- Venue: Beijing National Aquatics Center
- Dates: 15 September
- Competitors: 7 from 6 nations
- Winning time: 46.27

Medalists
- 1st place, gold medalist(s):  / Nely Miranda / Mexico
- 2nd place, silver medalist(s):  / Cheryl Angelelli / United States
- 3rd place, bronze medalist(s):  / Edenia Garcia / Brazil

= Swimming at the 2008 Summer Paralympics – Women's 50 metre freestyle S4 =

The women's 50m freestyle S4 event at the 2008 Summer Paralympics took place at the Beijing National Aquatics Center on 15 September.
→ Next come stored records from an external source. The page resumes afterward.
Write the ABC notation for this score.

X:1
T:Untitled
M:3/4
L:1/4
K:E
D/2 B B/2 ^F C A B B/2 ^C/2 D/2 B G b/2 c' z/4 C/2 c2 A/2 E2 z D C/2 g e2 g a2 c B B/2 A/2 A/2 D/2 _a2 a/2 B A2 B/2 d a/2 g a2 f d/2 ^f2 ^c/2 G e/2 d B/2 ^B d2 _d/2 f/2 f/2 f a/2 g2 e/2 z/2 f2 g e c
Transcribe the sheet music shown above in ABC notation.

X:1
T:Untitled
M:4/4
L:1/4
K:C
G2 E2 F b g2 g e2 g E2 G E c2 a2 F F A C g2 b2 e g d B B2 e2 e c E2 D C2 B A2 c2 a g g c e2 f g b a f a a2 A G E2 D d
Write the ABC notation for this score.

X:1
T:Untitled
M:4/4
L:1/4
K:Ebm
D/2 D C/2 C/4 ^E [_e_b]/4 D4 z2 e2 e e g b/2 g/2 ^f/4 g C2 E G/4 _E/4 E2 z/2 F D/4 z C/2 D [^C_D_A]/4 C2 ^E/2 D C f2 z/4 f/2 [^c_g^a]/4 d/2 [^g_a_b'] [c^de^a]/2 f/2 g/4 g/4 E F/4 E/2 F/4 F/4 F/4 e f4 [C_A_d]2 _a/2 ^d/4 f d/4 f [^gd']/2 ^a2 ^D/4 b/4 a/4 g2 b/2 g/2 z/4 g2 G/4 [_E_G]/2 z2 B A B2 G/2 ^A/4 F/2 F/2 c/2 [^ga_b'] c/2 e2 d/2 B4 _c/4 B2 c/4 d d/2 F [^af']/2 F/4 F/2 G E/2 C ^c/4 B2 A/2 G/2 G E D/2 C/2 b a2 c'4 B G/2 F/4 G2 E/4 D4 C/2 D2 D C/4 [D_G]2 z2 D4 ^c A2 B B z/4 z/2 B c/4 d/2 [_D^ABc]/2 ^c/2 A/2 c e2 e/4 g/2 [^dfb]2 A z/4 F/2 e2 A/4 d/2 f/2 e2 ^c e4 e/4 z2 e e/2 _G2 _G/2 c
There were no heats in this event.

==Final==

Competed at 18:38.

| Rank | Name | Nationality | Time | Notes |
|---|---|---|---|---|
| 1st place, gold medalist(s) | Nely Miranda | Mexico | 46.27 | WR |
| 2nd place, silver medalist(s) | Cheryl Angelelli | United States | 52.81 |  |
| 3rd place, bronze medalist(s) | Edenia Garcia | Brazil | 53.28 |  |
| 4 | Jennie Ekstrom | Sweden | 53.74 |  |
| 5 | Aimee Bruder | United States | 55.04 |  |
| 6 | Karolina Hamer | Poland | 58.46 |  |
| 7 | Cecilie Kristiansen | Denmark | 1:04.48 |  |

WR = World Record.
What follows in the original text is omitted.